> _Collected data_:
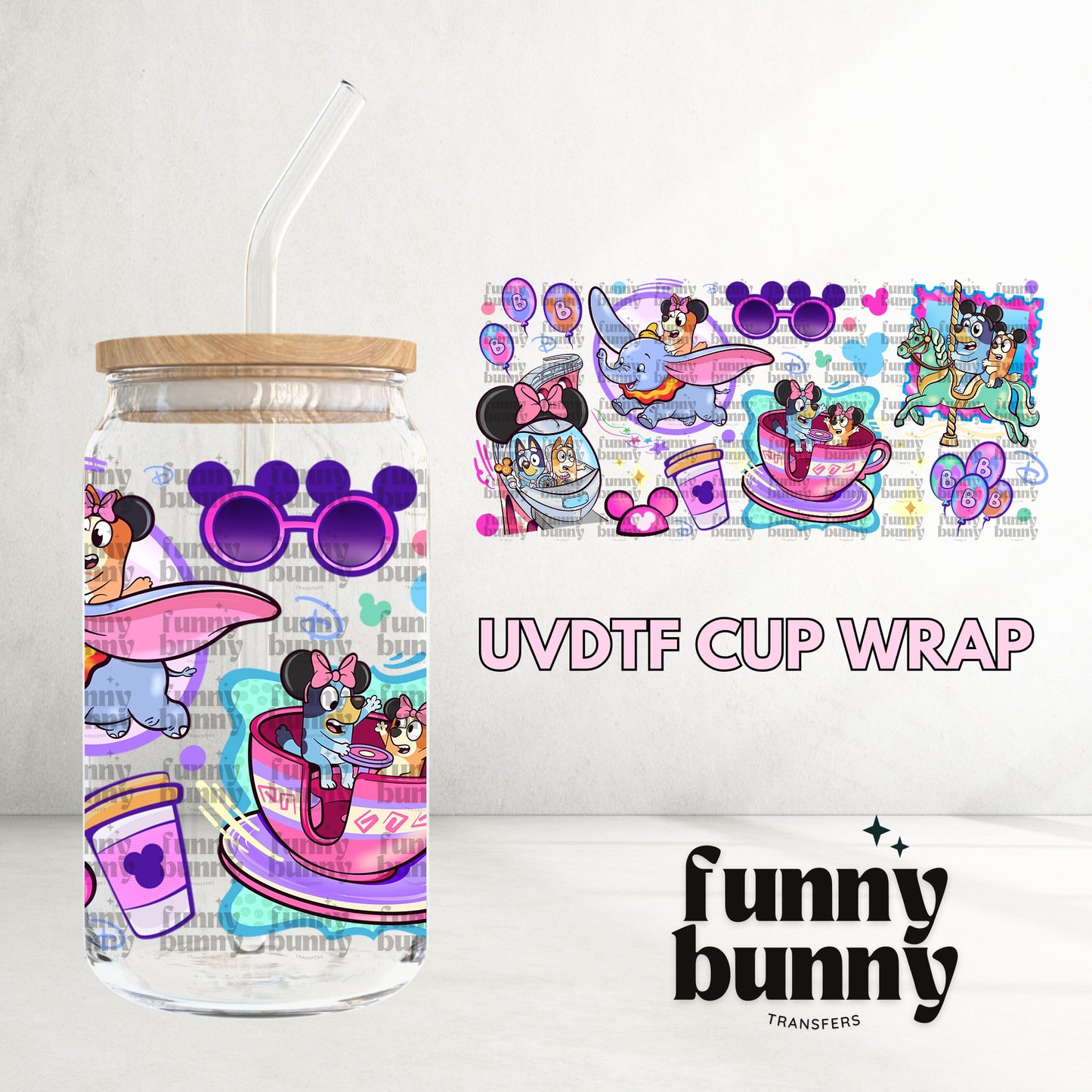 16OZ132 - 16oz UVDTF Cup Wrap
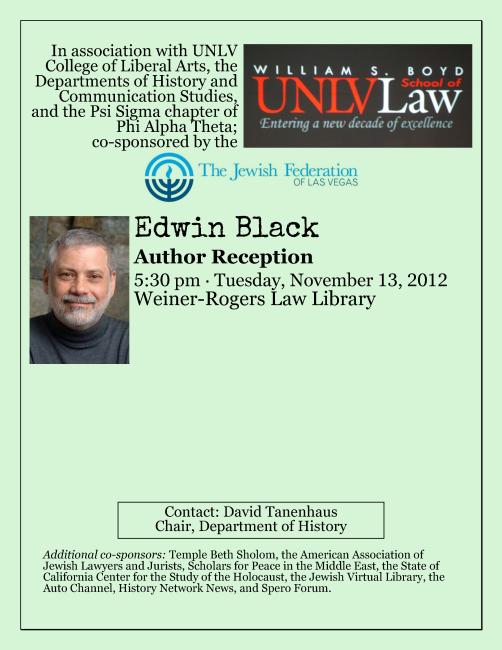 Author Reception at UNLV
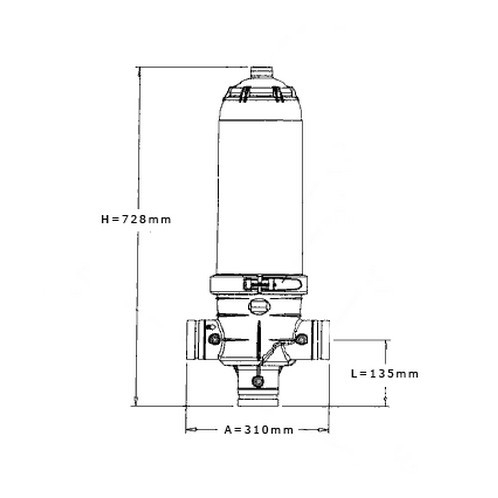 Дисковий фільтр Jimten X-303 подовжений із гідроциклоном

> _What you need to do_: Pictures are to be left out; all other data must be returned exactly.

> _Exercise result_:
 16OZ132 - 16oz UVDTF Cup Wrap
 Author Reception at UNLV
 Дисковий фільтр Jimten X-303 подовжений із гідроциклоном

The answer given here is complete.